It can be from not specifying the full primary key including clustering columns or it can be across multiple partitions. There are two scenarios. That’s why I created https://issues.apache.org/jira/browse/CASSANDRA-15803 and why I think it’s relevant for this. 

On Apr 14, 2023, at 9:37 AM, Lorina Poland <lor...@datastax.com> wrote:


Wow, you know, J.D., I've never actually heard ALLOW FILTERING described as you did. Generally, the discussion is always in terms of multiple partitions, probably because that is the situation in which the memory is exceeded. Thanks for that definition. 

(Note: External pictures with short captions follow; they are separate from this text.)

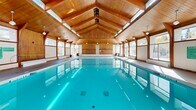 Located in Calgary, Alberta, this indoor pool facility is a well-appointed aquatic space defined by its distinctive architectural character and bright, welcoming atmosphere. The centerpiece is a generously sized lap pool with crystal-clear turquoise water, bordered by wide, light-toned tiled decking that provides ample space for swimmers and spectators alike.

The most striking architectural feature is the soaring vaulted ceiling clad in warm natural wood, supported by elegantly curved wooden arches that frame the space with a sense of grandeur. A row of clerestory windows runs along the roofline, flooding the interior with abundant natural light and enhancing the open, airy feel of the room. Additional pendant light fixtures hang from the ceiling, ensuring the space is well-lit at all times.

Large windows line both sides of the facility, offering views of the surrounding outdoor greenery and allowing daylight to pour in throughout the day. The walls are finished in warm wood paneling, complementing the ceiling and contributing to an inviting, resort-like ambiance.

A separate entry and lounge area features the same warm wood finishes, tile flooring, and seating, serving as a comfortable transition space. Pool access is provided via stainless steel entry ladders, and safety equipment including a life ring is clearly posted. Informational signage is also present throughout the facility.
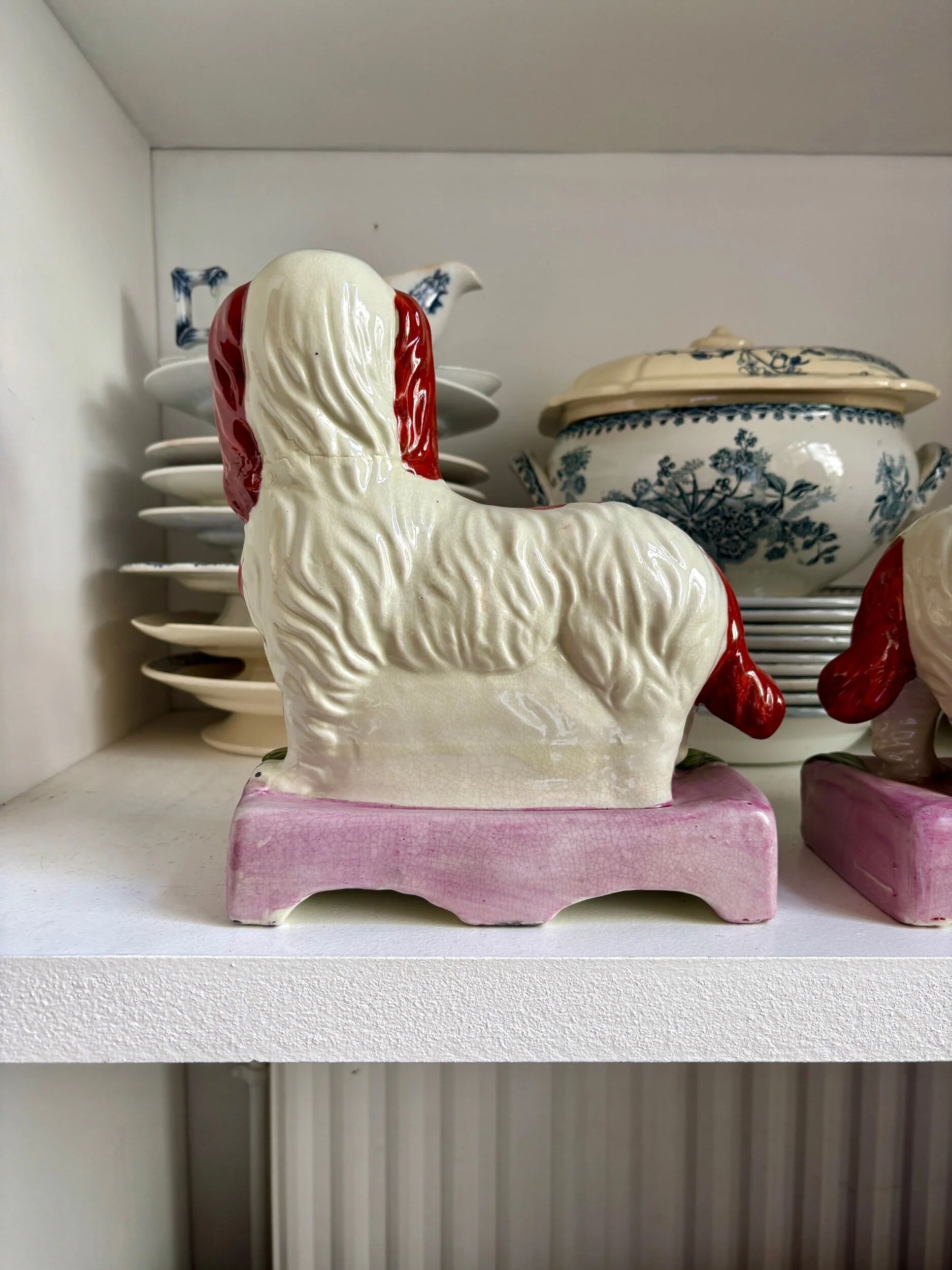 Pair of Staffordshire porcelain Cavalier King Charles dogs on terrace, 19th century.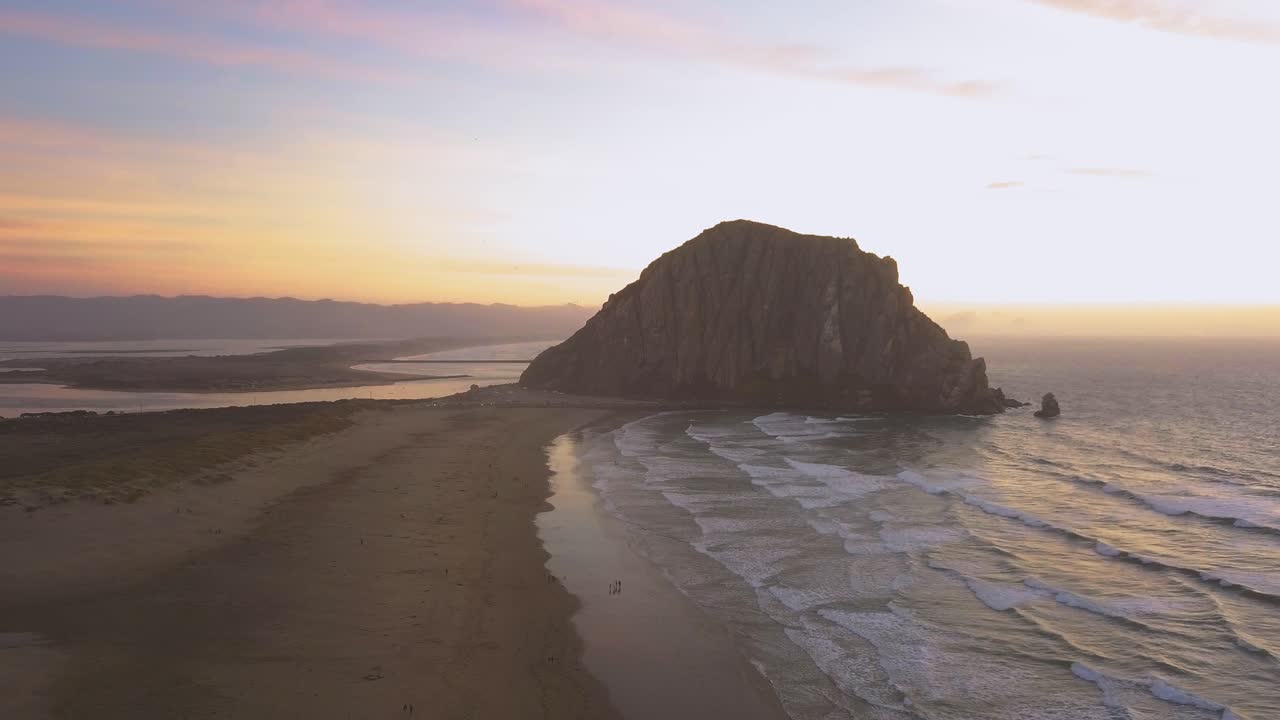 Morro Bay - California, USA. Cinematic aerial pull back at sunset besides shoreline. Filmed on DJI Mavic Pro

Regardless of how this discussion goes, I'll make a ticket to change that doc.

Lorina

On Thu, Apr 13, 2023 at 4:17 AM J. D. Jordan <jeremiah.jor...@gmail.com> wrote:
The documentation is wrong. ALLOW FILTERING has always meant that “rows will need to be materialized in memory and accepted or rejected by a column filter” aka the full primary key was not specified and some other column was specified.  It has never been about multiple partitions.
Basically “will the server need to read from disk more data (possibly a lot more) than will be returned to the client”.
Should we change how that works? Maybe. But let move such discussions to a new thread and keep this one about the CEP proposal.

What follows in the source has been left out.